- **Assignment**:
Instruction for the data below: set down exactly the lines from the line with "Natural Wood Folding" to the line with "Robe vichy en", inclusive, and no others.

Recorded data:
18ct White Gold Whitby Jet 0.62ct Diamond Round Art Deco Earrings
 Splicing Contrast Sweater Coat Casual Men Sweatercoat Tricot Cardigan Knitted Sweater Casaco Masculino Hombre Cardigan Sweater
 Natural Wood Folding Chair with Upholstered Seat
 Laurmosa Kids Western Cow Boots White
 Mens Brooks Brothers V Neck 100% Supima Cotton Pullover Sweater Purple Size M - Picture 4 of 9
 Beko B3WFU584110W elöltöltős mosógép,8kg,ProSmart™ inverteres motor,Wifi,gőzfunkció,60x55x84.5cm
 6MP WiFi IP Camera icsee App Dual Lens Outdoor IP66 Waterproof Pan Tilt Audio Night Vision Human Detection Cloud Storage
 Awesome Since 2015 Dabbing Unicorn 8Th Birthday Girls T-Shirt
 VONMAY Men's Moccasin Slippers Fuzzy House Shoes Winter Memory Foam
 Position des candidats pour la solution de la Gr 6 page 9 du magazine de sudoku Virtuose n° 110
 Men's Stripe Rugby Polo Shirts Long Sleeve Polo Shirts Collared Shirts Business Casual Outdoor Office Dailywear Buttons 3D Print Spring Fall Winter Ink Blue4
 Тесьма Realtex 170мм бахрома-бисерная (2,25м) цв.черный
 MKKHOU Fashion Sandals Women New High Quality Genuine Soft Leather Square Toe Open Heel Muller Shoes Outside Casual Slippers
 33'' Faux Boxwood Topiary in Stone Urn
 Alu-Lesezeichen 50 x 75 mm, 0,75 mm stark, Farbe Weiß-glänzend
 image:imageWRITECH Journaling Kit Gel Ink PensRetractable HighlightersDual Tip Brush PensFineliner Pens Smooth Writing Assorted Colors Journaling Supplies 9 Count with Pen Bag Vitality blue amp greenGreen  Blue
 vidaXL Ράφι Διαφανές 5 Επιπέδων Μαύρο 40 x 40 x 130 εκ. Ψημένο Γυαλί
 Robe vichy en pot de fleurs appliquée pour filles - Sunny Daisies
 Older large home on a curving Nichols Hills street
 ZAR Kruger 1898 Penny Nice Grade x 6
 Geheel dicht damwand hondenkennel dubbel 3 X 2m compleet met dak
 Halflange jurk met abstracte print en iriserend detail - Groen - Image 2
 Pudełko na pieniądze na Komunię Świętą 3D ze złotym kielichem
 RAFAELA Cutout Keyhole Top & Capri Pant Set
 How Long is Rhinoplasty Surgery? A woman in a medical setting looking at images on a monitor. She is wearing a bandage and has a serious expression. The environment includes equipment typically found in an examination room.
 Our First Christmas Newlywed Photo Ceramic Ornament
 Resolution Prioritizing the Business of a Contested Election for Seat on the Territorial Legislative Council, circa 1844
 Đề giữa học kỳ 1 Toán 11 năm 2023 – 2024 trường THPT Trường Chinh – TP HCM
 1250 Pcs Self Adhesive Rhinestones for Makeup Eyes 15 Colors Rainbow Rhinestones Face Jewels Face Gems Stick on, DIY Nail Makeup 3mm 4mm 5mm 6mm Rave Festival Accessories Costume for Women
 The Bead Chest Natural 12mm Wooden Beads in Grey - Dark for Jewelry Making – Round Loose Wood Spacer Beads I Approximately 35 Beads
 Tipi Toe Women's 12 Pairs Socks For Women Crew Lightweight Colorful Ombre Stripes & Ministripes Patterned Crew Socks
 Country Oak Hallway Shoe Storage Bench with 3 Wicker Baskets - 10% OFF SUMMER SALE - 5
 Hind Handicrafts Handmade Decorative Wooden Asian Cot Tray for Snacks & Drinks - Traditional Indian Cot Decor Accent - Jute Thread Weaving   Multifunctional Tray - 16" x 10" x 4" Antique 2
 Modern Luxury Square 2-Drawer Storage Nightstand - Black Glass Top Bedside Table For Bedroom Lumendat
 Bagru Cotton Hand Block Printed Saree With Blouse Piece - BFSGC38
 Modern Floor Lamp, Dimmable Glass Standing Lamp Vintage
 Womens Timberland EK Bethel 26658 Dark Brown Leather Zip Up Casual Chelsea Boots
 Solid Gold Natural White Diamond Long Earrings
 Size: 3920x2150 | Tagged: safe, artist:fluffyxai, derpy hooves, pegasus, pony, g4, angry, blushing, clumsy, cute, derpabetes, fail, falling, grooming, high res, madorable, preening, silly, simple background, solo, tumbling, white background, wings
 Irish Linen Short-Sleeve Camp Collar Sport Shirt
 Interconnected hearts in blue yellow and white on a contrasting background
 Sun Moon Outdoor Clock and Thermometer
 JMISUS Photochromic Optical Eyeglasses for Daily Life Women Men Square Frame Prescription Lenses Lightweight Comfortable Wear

- **Expected answer**:
 Natural Wood Folding Chair with Upholstered Seat
 Laurmosa Kids Western Cow Boots White
 Mens Brooks Brothers V Neck 100% Supima Cotton Pullover Sweater Purple Size M - Picture 4 of 9
 Beko B3WFU584110W elöltöltős mosógép,8kg,ProSmart™ inverteres motor,Wifi,gőzfunkció,60x55x84.5cm
 6MP WiFi IP Camera icsee App Dual Lens Outdoor IP66 Waterproof Pan Tilt Audio Night Vision Human Detection Cloud Storage
 Awesome Since 2015 Dabbing Unicorn 8Th Birthday Girls T-Shirt
 VONMAY Men's Moccasin Slippers Fuzzy House Shoes Winter Memory Foam
 Position des candidats pour la solution de la Gr 6 page 9 du magazine de sudoku Virtuose n° 110
 Men's Stripe Rugby Polo Shirts Long Sleeve Polo Shirts Collared Shirts Business Casual Outdoor Office Dailywear Buttons 3D Print Spring Fall Winter Ink Blue4
 Тесьма Realtex 170мм бахрома-бисерная (2,25м) цв.черный
 MKKHOU Fashion Sandals Women New High Quality Genuine Soft Leather Square Toe Open Heel Muller Shoes Outside Casual Slippers
 33'' Faux Boxwood Topiary in Stone Urn
 Alu-Lesezeichen 50 x 75 mm, 0,75 mm stark, Farbe Weiß-glänzend
 image:imageWRITECH Journaling Kit Gel Ink PensRetractable HighlightersDual Tip Brush PensFineliner Pens Smooth Writing Assorted Colors Journaling Supplies 9 Count with Pen Bag Vitality blue amp greenGreen  Blue
 vidaXL Ράφι Διαφανές 5 Επιπέδων Μαύρο 40 x 40 x 130 εκ. Ψημένο Γυαλί
 Robe vichy en pot de fleurs appliquée pour filles - Sunny Daisies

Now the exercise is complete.